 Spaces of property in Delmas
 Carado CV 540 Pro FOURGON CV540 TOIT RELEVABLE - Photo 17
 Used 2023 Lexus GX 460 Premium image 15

----------

■ **Task**: Return, word for word, each line from the one that contains "Carado CV 540" through the end of the listing above.

■ **Written answer**:
 Carado CV 540 Pro FOURGON CV540 TOIT RELEVABLE - Photo 17
 Used 2023 Lexus GX 460 Premium image 15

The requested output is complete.